ODYSSEY is a smaller trial, with 18,000 patients compared with FOURIER’s 27,000, but it has a longer follow-up period, and a different composite endpoint, which could lead to different results. ODYSSEY Outcomes’ composite includes heart attacks, strokes, death from CV causes, and hospitalization for angina. FOURIER added coronary revascularization to the composite outcome.
“We are in a new era for the treatment of cholesterol,” said ACC.org editor-in-chief Kim A. Eagle, MD, MACC. As others have, Eagle cited the clinical results for PCKS9 inhibitors are being weighed against the costs—the drugs cost more than $14,000 a year. Several analyses have been published that say the drugs are not cost-effective at that price, including some that question the value for payers of Amgen’s offer of a money-back guarantee if patients have a heart attack while taking the drug.
Other highlights of the upcoming ACC meeting are featured in the article, including:
Anti-inflammatory drugs. A late-breaking trial on March 12, 2018, will feature results from the CANTOS trial, involving the anti-inflammatory canakinumab (Ilaris), including results in type 2 diabetes.
SGLT2 inhibitors. One of the biggest surprises of ACC 2017 was the results of the CVD-REAL trial, which suggested a role for these type 2 diabetes drugs in primary prevention of heart failure, and this year’s meeting will feature more results. “The overall impact of this class of drugs on cardiovascular outcomes and heart failure is striking,” said Douglas L. Mann, MD, FACC, editor-in-chief of JACC: Basic to Translational Science.
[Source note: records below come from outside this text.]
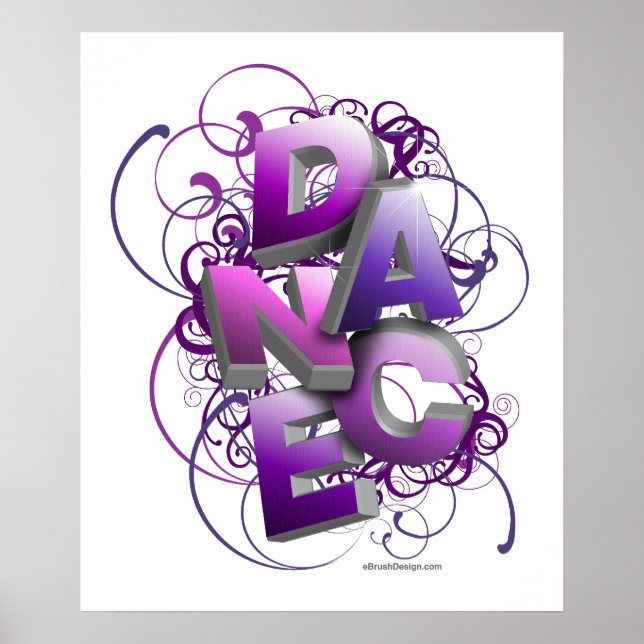 Pôster Dança 3D (Verão) (Frente)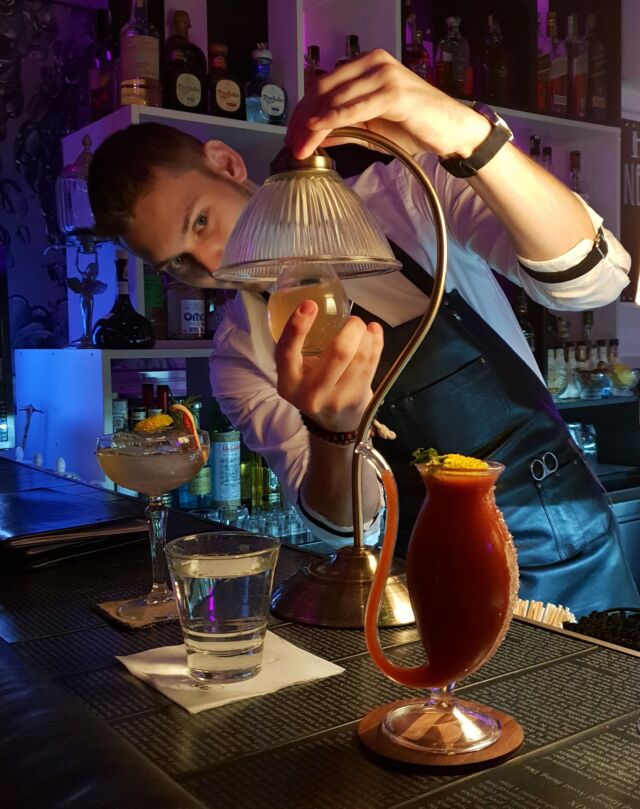 Cocktails Lemontree Skybar Bratislava Cocktailbar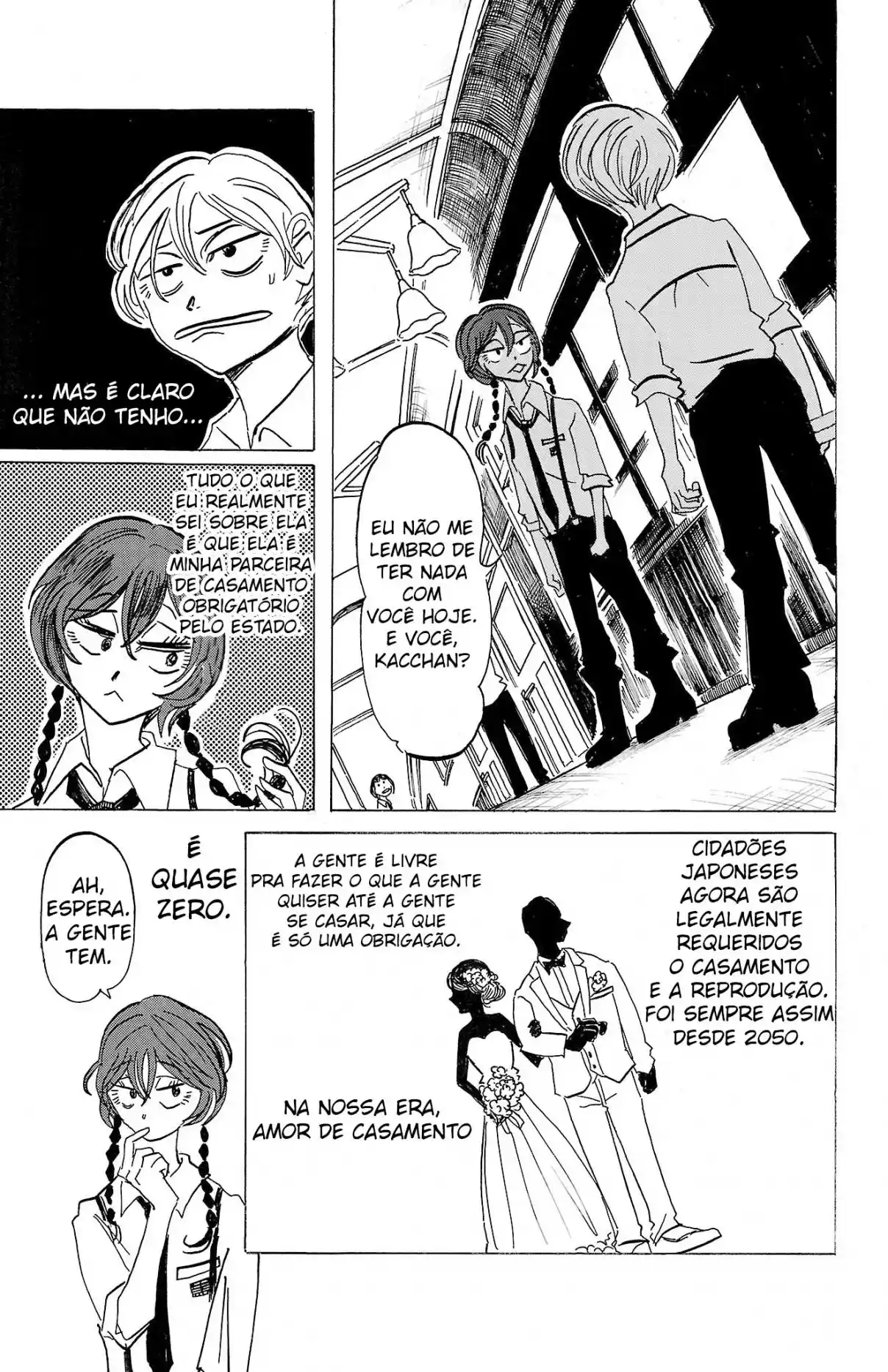 Read Sanda Português Manga Online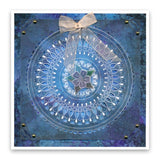 Linda's Flowers & Lace Quartet <br/>A5 Square Groovi Plate Set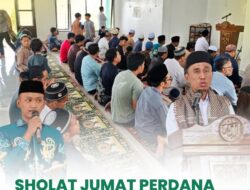 Masjid IKADI Palangka Raya Resmi Gelar Sholat Jumat Perdana, Ini Harapan Pengurus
“The intersection of diabetes and cardiovascular disease will become more apparent,” adds Bhatt, noting the increased involvement of cardiologists treating patients with diabetes and obesity. “There’ll be increasing interest and focus on the evaluation of novel diabetes drugs in cardiovascular populations, examining potential benefits on the ischemic as well as heart failure endpoints.” (For more, see the December issue of Evidence-Based Diabetes Management™.)
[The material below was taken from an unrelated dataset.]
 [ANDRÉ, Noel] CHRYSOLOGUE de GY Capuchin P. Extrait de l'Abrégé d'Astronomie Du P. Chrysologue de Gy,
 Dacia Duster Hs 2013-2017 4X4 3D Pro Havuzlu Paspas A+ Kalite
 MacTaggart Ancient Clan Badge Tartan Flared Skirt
Healthcare delivery. The biggest trend in CV care is the shift from episodic care to continuous care, a “culture shift” that Jagmeet Singh, MD, PhD, FACC, deputy editor of JACC: Clinical Electrophysiology believes will help control costs in the long run.
What is the key? “Data from wearable and implantable technology will be integrated into the electronic health record,” Singh says. Fueled by artificial intelligence, the data will promote interventions at the right time, using the tools of telemedicine and remote monitoring to reduce readmissions, with a major focus on heart failure and atrial fibrillation. Patient-enabled communications will promote better collaboration with physicians, but the doctor will be joined by a new member of the team: the health coach. Outcomes-based reimbursement will drive the need for trained personnel who motivate patients to stick with regimens to improve diabetes and obesity to reduce their CV risk.
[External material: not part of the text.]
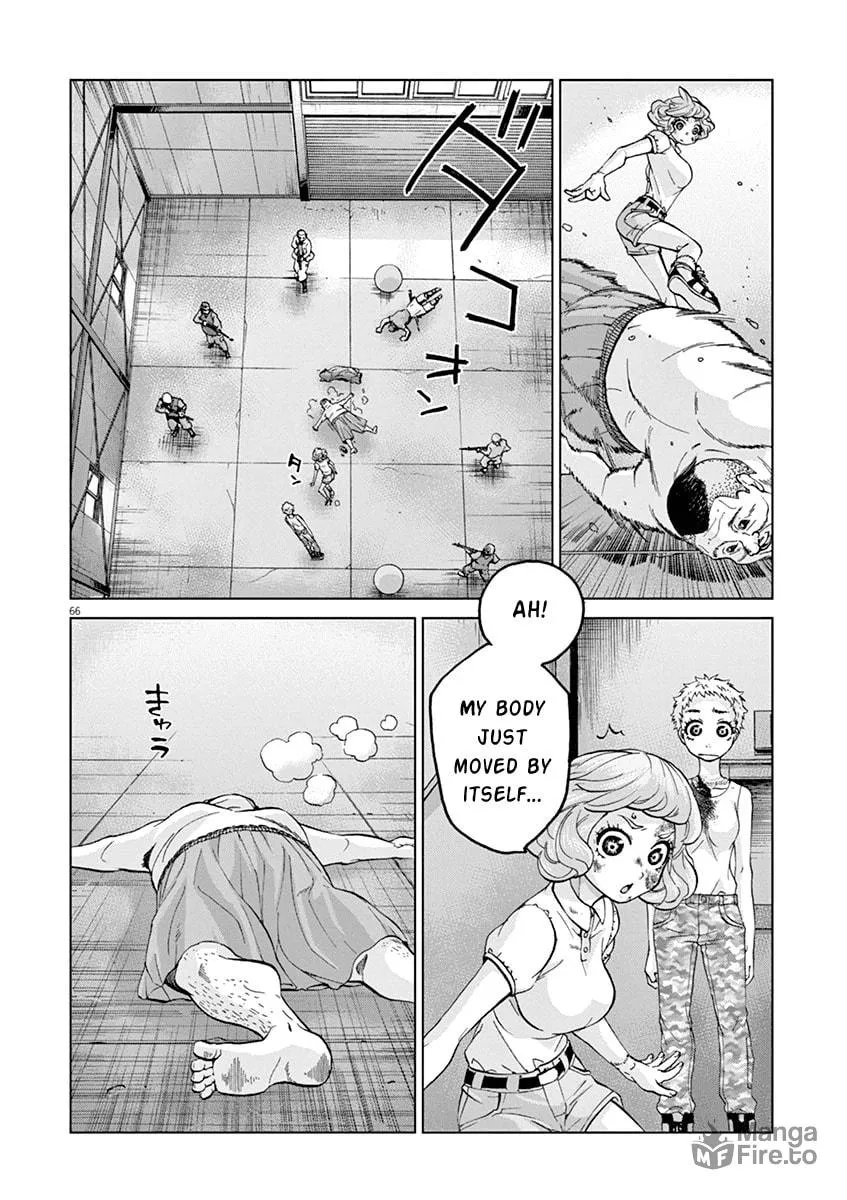 Read The Violence Action chapter 6.3 image 8 on Lezhin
“The CV team is operating in an environment of regulatory and payment change,” said Richard Kovacs,” MD, FACC, chair of ACC’s Science and Quality Committee. The rise of accountable care organizations, alternative payment models, and bundled payments are “requiring the CV team to adapt to the stuttering shift from volume to value.”
To thrive, he said, the CV team will be pushed, “outside our usual comfort zone.”